With respect to other policies to promote EVs, both the Chinese Central Government and the Shanghai Municipal Government have provided subsidies for purchasing EVs since 2013. Thus far, however, the subsidies have been focused on just one EV attribute—driving range. Since our empirical results offer supportive evidence that individuals are willing to pay for enhancing other EV attributes (e.g., reducing charging time, lowering pollution emissions, and increasing maximum speed) and an overlong driving range might not be a must for potential EV purchasers, government consideration of subsidizing these other attributes would seem to be appropriate.
Furthermore, the government should also improve the charging infrastructure in both urban and rural areas, including on the expressway. This is because the charging problem during a long-distance travel is concerned by many Chinese consumers. According to the data from China Electric Vehicle Charging Infrastructure Promotion Alliance (EVCIPA), 171,609 charging stations had been constructed in China until June 2017. These charging stations mainly distribute in the developed provinces. For example, the top three of charging station amount-Beijing, Guangdong, and Shanghai contributed 69,037 in total, which accounts for 40% of the total charging stations. In contrast, in the less developed provinces, such as Jilin, Inner Mongolia, and Tibet, only 213 charging stations in total had been constructed. This unbalanced distribution of charging stations among regions is considered to be a critical factor that affects consumer’s choice for EVs since the EV owners cannot drive freely during a long-distance travel. While we did not include the number of charging stations in the current study due to the reason that the charging mode in China was a controversial topic during the period of our survey, this factor is worthy of further investigation in the near future.
In addition, when comparing with subsidy policies, a free license plate for an EV seems attractive to consumers. Since 2016, the Shanghai government has provided free license plates to EV owners.

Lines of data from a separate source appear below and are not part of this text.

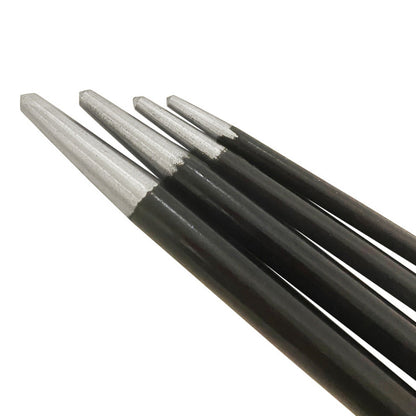 4-Piece Set Pry Bar Tools Wrecking Hand Tool for Automotive Machinery Aligning and Prying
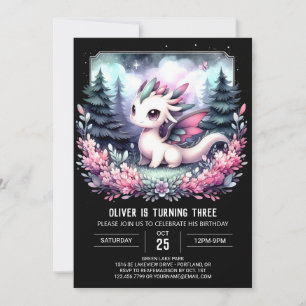 Invitation Joyeux anniversaire du dragon Modèle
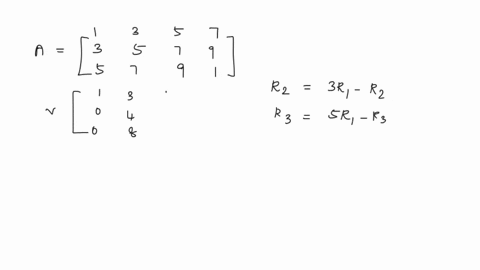 1) Row reduce the matrix below to reduced row echelon form....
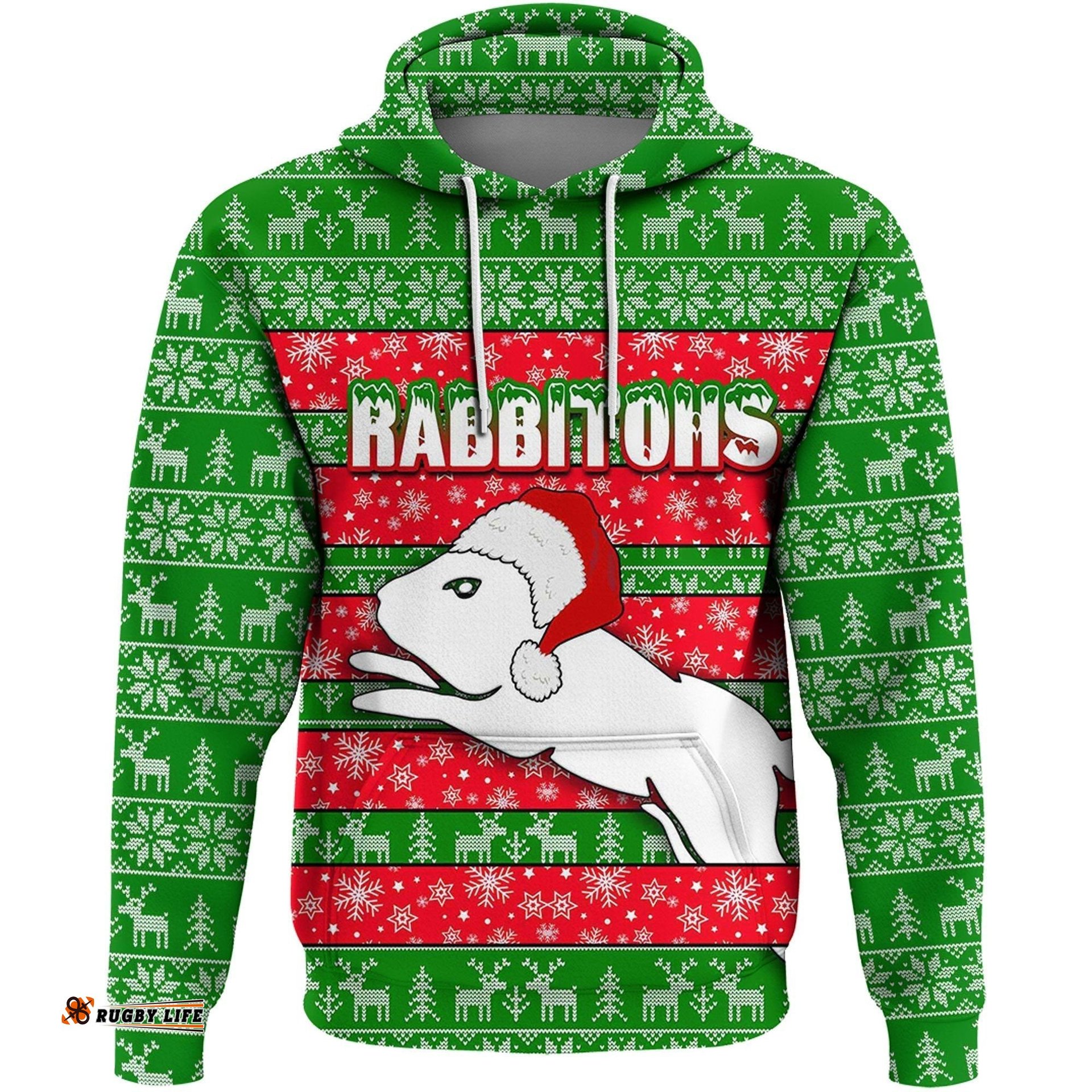 clothing south sydney rabbitohs christmas hoodie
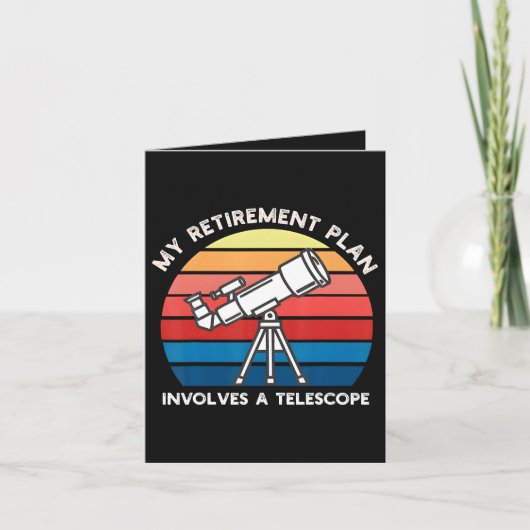 My Retiret Plan Involves A Telescope シーズンカード (正面)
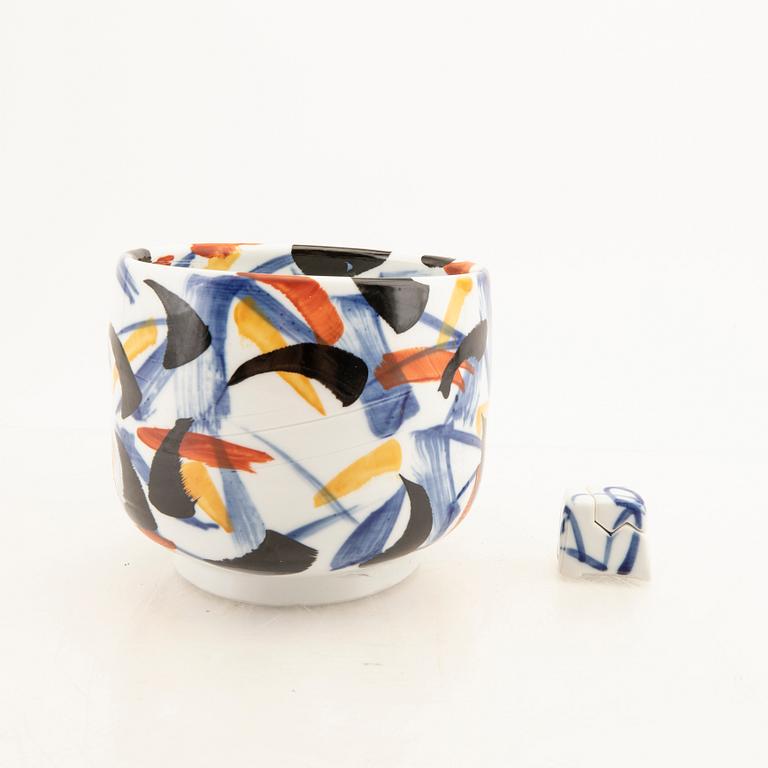 Royal Copenhagen, a signed porcealin bowl and miniature.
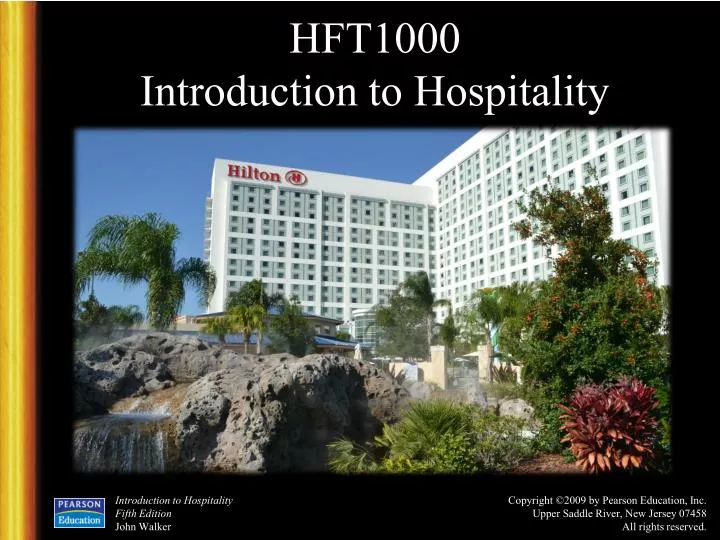 hft1000 introduction to hospitality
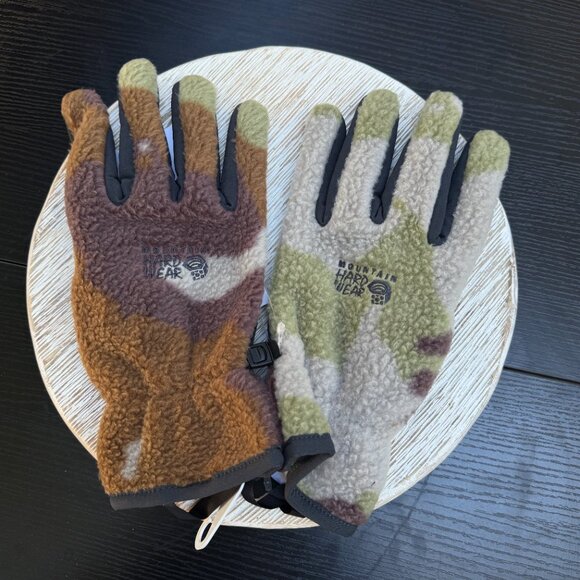 MOUNTAIN HARDWEAR HICAMP SHERPA GLOVES UNISEX LARGE WINTER WARM Camouflage NEW - Picture 1 of 8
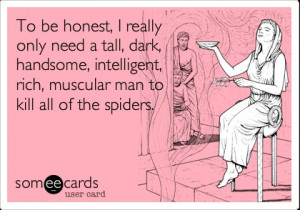 To be honest, I really only need a tall, dark, handsome, intelligent ...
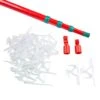 Simple Living Set Of 25 Ladderless Red And Green Light Hanging Kit, 11ft 2 Simple Living Set Of 25 Ladderless Red And Green Light Hanging Kit, 11ft -Northlight Shop 1152950182918087328
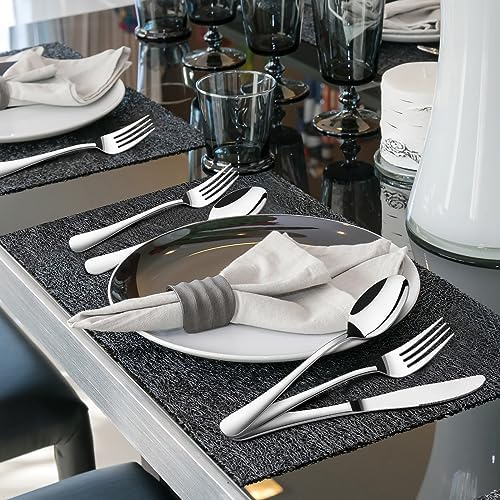 Silverware Set for 12,60 Piece Stainless Steel Flatware Utensil Cutlery Set | Heavy Duty Steak Knife Fork and Spoon, Dishwasher Safe, Gift Package for Wedding Housewarming|B0C8M4QP43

A private car license plate auction was introduced in Shanghai more than twenty years ago as a way to control the number of private vehicles. However, since the auction’s introduction, the average winning price has continued to increase, while the chances of actually winning a plate have continued to decline. In May 2017, the average winning price soared to 90,209 RMB (about 13,464 USD, where 1 USD = 6.70 RMB), while the success rate fell to 3.8%. Given this circumstance, offering free license plates for EVs should be a very attractive “subsidy” to consumers and it might be an important factor affecting their choices of an EV. Further research is needed to explore this issue.
Moreover, the data used in this paper was collected in Shanghai—one of the most developed metropolitan areas in China. There are huge regional differences in China, not only in the levels of economic development, but also in the policies that were implemented by local governments, such as subsidies, license plates, and regulations on cars. Therefore, whether the results obtained in the current study would also be applicable to consumers in other provinces of China is still unknown. Country-level data is needed to further explore our research question at much deeper extent.
Finally, it should also be noted that our results are based on a hypothetical choice survey, which means that there may be a hypothetical bias. Future research is highly encouraged in order to facilitate a comparison of our results with results estimated from actual purchase data.

Author Contributions

Y.N. and J.S. provided the overall conception of this paper; E.W. and Q.G. designed and implemented the experiment, did the main analysis and wrote this paper; J.S. reviewed and edited this paper before the submission.

Funding

This paper is funded by the Japanese Ministry of Education, Culture, Sports, Science and Technology through Grants-in-aid for Scientific Research (C) 15K03353.

Acknowledgments

Financial support from the Japanese Ministry of Education, Culture, Sports, Science and Technology through Grants-in-aid for Scientific Research (C) 15K03353 is gratefully acknowledged. All the views expressed in this paper and any errors are the sole responsibility of the authors.

Conflicts of Interest

The authors declare no conflict of interest.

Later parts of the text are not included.